Ellis was relieved to hear him speaking like this. This was more like the old Mr. Long, the one who had taught him how to look at the world anew, to think about angles and gauges, about “rack and pinion” engines, about how to move canal boats up inclined planes.
Mr. Long’s exuberance, though, did not last. He dropped his hands. “It never happened like that,” he said. “And now, six years later, instead of putting all our resources into clearing the Red River Raft, as I urged Congress, my ten snagboats are dispersed across the country, picking away at minor obstacles. Fiddling, in my view, while Rome burns.

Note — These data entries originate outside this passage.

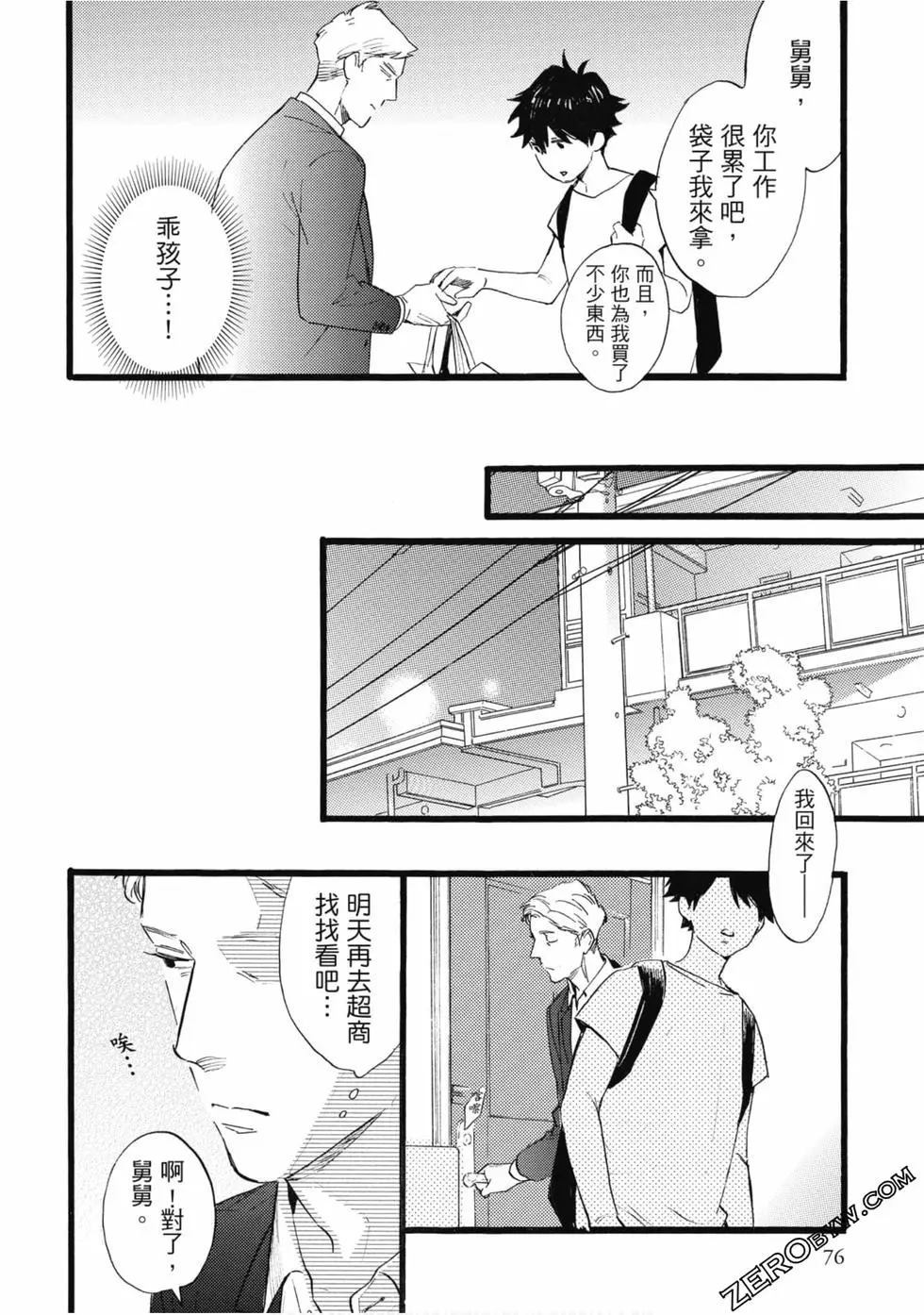 《大叔喜欢可爱小玩意》漫画最新章节第1卷免费下拉式在线观看章节第【77】张图片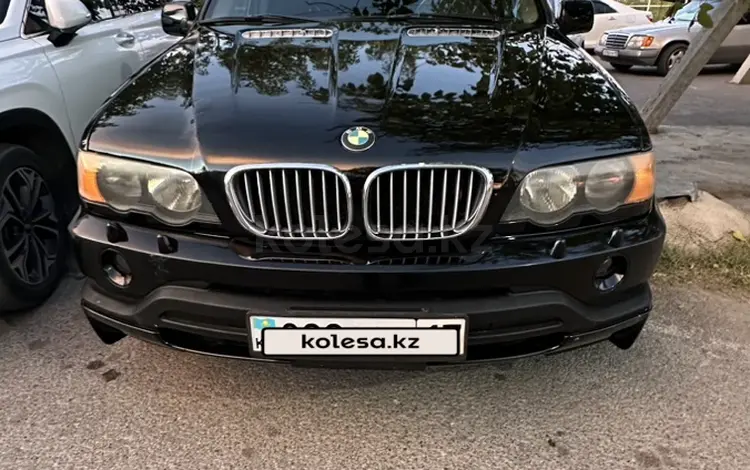 BMW X5 2002 годаүшін5 100 000 тг. в Шымкент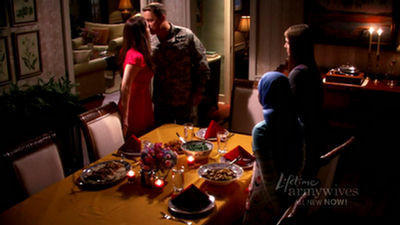 "Army Wives" 3 season 8-th episode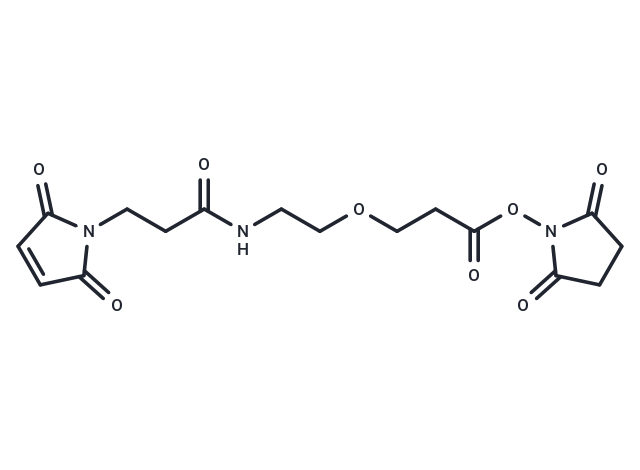 Mal-amido-PEG1-C2-​NHS ester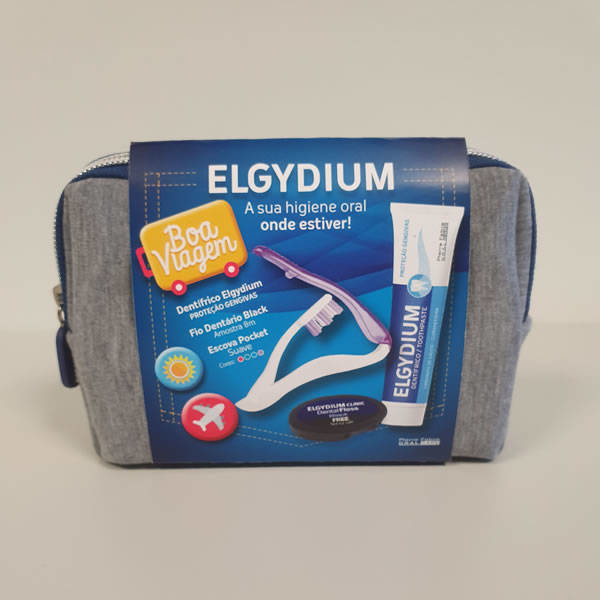 Imagem de Elgydium Kit Viagem+Esc Pocket S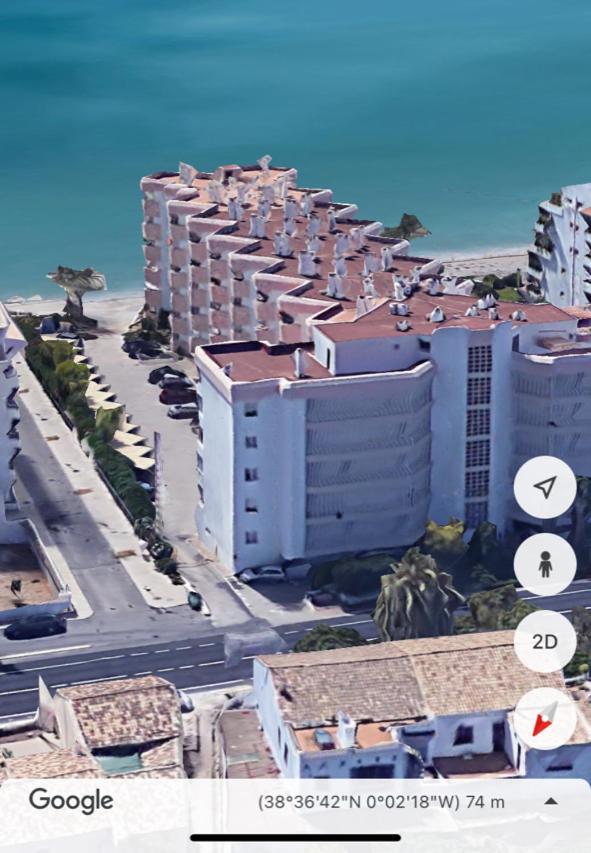 Altea Beachgate 2 Acceso Directo A La Playa Exteriör bild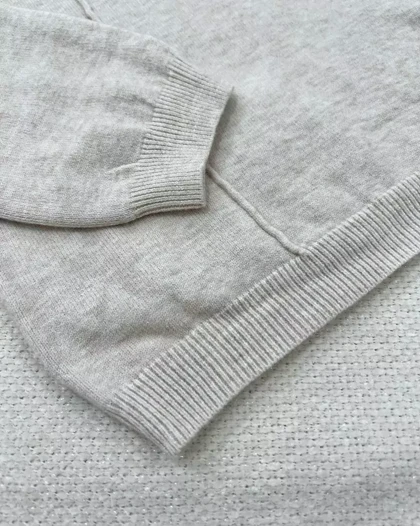 پلیور بافت سرشانه دکمه کد 5477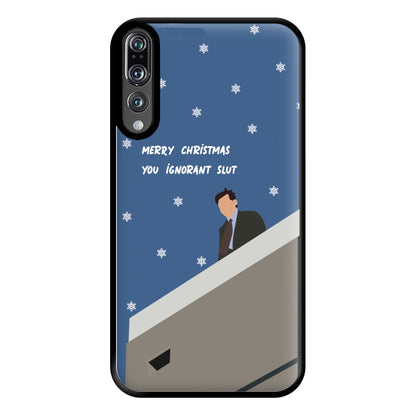 Merry Christmas You Ignorant Slut Phone Case for Huawei P20 Pro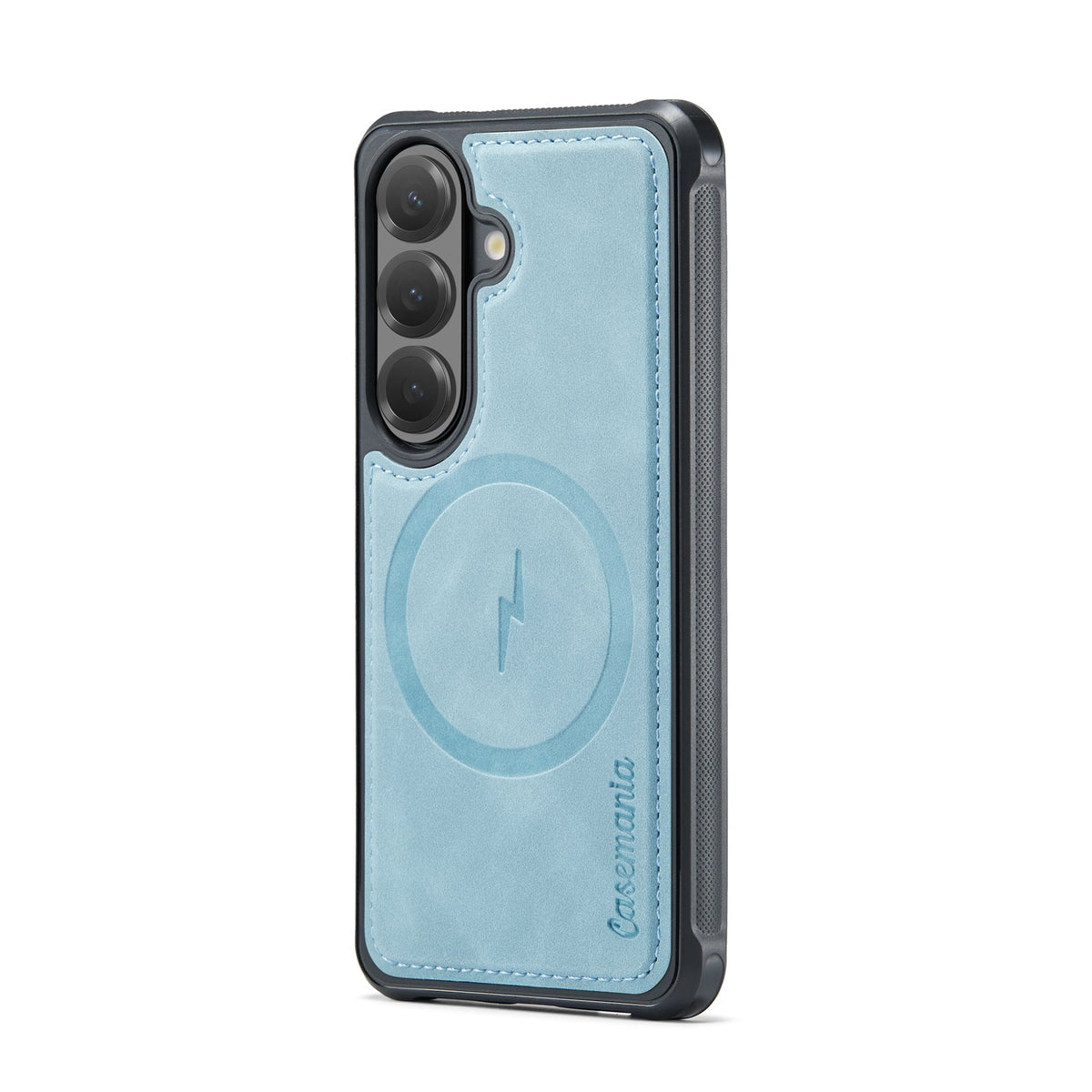 Samsung Galaxy A57 Case - Aqua Blue - 2-in-1 MagSafe Wallet Case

It makes me furious.” Last year, though they had traveled over 2,250 miles of river and removed 56,062 obstructions, that was as nothing compared to how much more dangerous the Red River Raft had become in the meantime. “And we lost six crewmen,” he added, his eyes coming back to Ellis, “with a further four crippled for life.”
Ellis recal
led the cripple he had seen earlier that morning and wondered if his injury had been sustained in circumstances such as these.
“It’s dangerous work,” continued Mr. Long. “That is why a good engineer must go beyond his calculations and set the rules by which the work is done. I have established new Shipping Articles to be adhered to by every captain and crew under my command,” he said. “But as we have seen this morning, the best rules cannot prevent incompetence.” He paused, tapped the tips of his fingers together. “Never forget, Ellis, that the death of the few will always be justified by the improvements we make for the many.”
Ellis nodded, though he was not sure he wholeheartedly agreed. What if you knew one of the men who lost a limb, one of the men who died? Would that always be a sacrifice worth making? Was it always justified?
“Of the many things you taught me, sir,” said Ellis, “the notion that we should attempt nothing unless it be for the public good has always inspired me. I think of it as the ‘Long test.’”
Mr. Long almost smiled. “Are you not forgetting another Long test?”
Ellis hesitated. He had learned many lessons from Mr. Long, but none of them struck him in the same way, as a test to which each job he undertook should adhere.
“Why have you come to see me, Mr. Chesbrough, rather than write?”